[from 12/1/10]
I think I have finally figured out my own country. For 61 years I have been trying to understand what has seemed at times as a death wish among my fellow countrypersons, at other times as a rather very-long-nap-time wish, at other times as a prolonged-stupidity wish. I now realize how wrong I’ve been.
Americans really are idealists in the truest sense. In the sense of wanting the ideal life, regardless of what it takes. It’s just that, the ideal American life is something we saw on television and in the movies.
The dawn of my awakening came when I saw the recent Seattle Times headline, “Washington drivers are spending less time in traffic,” along with the sentence further down, “People drove less because of economic recession, the state says.” My first thought was, “Wow, the state is smart today.

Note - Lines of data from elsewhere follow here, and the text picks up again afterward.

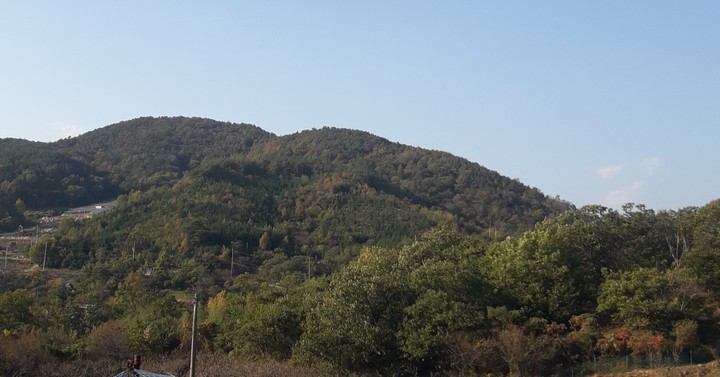 산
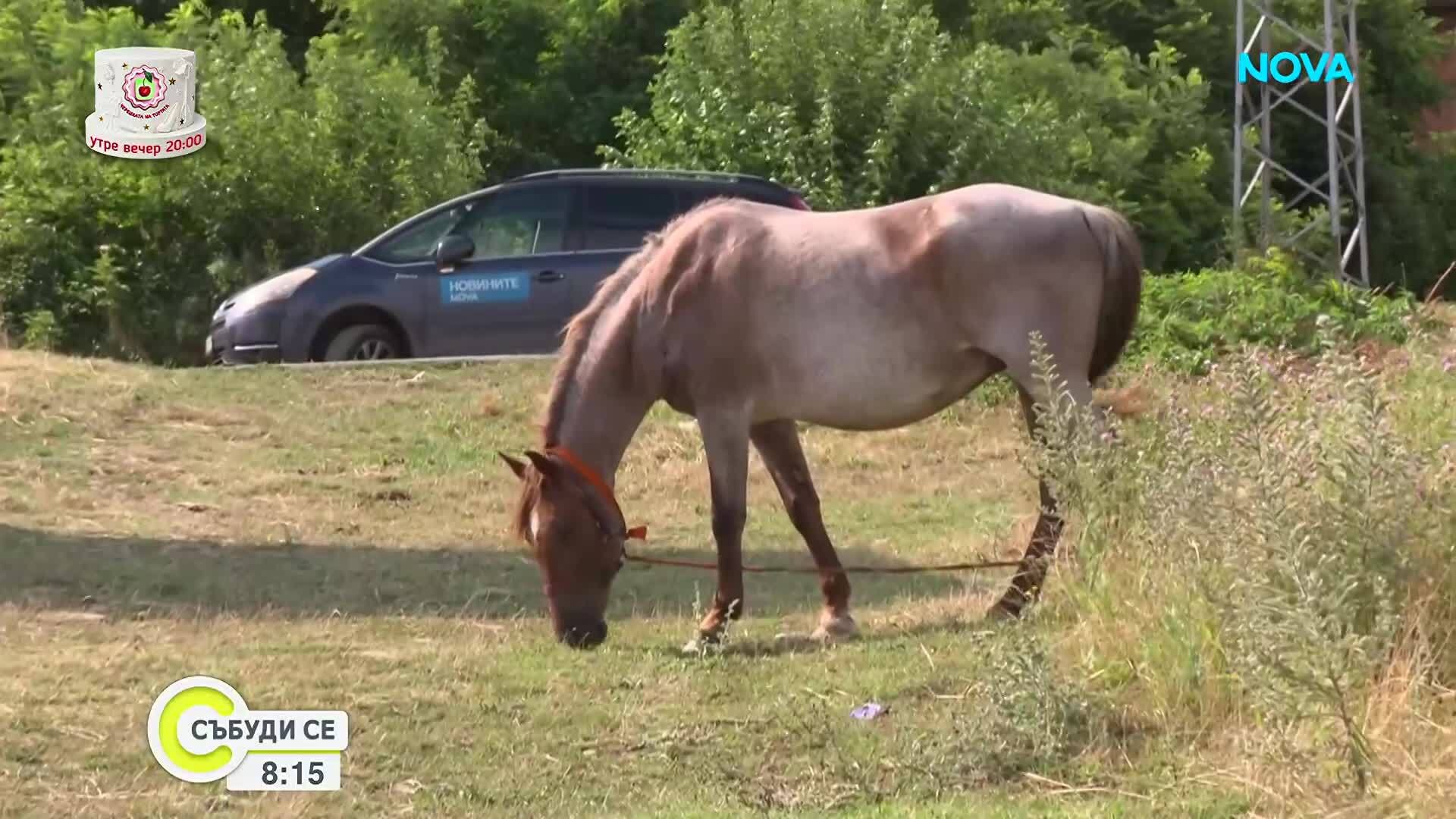 Кмет продава безпризорни коне, реалните им собственици отказвали да ги признаят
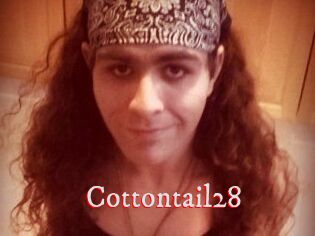 Cottontail28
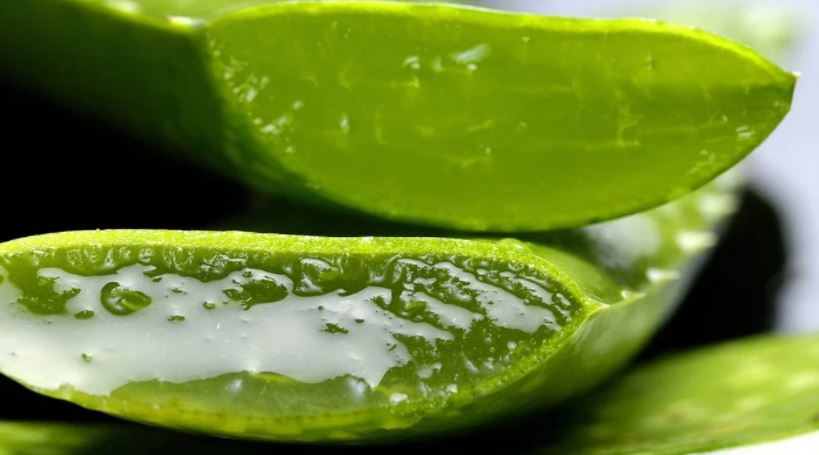 Photo of ¿Es bueno dormir con aloe vera aplicado en el rostro?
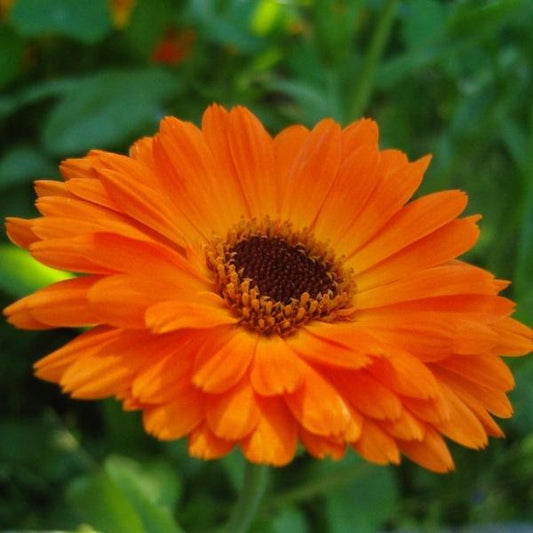 Calendula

Give the state a cookie!"
Then I thought, “Wait a minute, Wes” (I like to think to myself in the third-person, to keep in mind who I’m thinking to) “breezy traffic is the American Dream.” When has a James Bond Lotus or Aston Martin ever been stuck in traffic? I can’t even remember a traffic jam on Dragnet. That was set in Los Angeles! We’ve been taught to think that’s the way it should be!
Well, if that’s the way it should be, there should never be traffic congestion. So then, let’s bring that about. Let’s totally ignore the poor in our country. Pay them so little they can’t afford good food, much less drive to work. Take away health benefits and hope as many as possible are disabled and have to pay their gas money for oxygen instead of gasoline. If that doesn’t clear the roads, ship their jobs overseas.
And we’re doing it. The ideal American Dream Driving Experience, for all the drivers left. The day isn’t far off, when Paul Allen will have the highways to himself. I’m sure he’ll tell us all about it, how wonderful and freeing it feels.
It’s a little like the way we figured out how to solve the housing crisis. Kick everyone out of their homes. What crisis? But I digress.
The coolest thing we’re doing is rebooting the Korean War. The Korean War, as anyone who has seen M*A*S*H knows, was the ideal war. It was funny without being cloyingly sentimental. It was tragic-comical, just the way a war should be. It followed closely after the invention of Groucho glasses and the Tiki bar, which set the tone. Best of all, it never actually ended, so it was the Peter Pan, or the Saturday Night Live, of wars.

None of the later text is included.